= Demo Cates =

American-Canadian musician

Demetrius (Demo) Cates is an American-Canadian musician. He is most noted as a two-time Juno Award nominee for R&B/Soul Recording of the Year, receiving nominations at the Juno Awards of 1985 for "Memories of Moments" and at the Juno Awards of 1989 for "Secret Love", a duet with Debbie Johnson.

Cates began his musical career in Detroit, Michigan as a member of the soul/funk band The Fabulous Counts. After that band recorded part of its 1971 album What's Up Front That Counts in Toronto, Ontario, Cates opted to stay in the city, performing as a session musician for Lenny Breau and Wayne St. John.

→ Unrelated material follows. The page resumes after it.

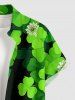 Chemise à poches boutonnées grande taille pour homme, imprimé trèfle à trois feuilles, Saint-Patrick, Hawaï. - Vert 2XL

In 1981 he collaborated with Bobby Boyer and Jay W. McGee on Rap the Night Away, which has been credited as the first known full-length Canadian hip hop album. He recorded a number of soul, rhythm and blues and jazz singles, and was a regular performer in Toronto jazz clubs.

Although principally a saxophonist, Cates has also performed as a jazz and R&B vocalist. He has also had occasional supporting or guest roles as an actor, including in the television series Forever Knight, Goosebumps and The Jane Show, and the films Blues Brothers 2000 and A Raisin in the Sun.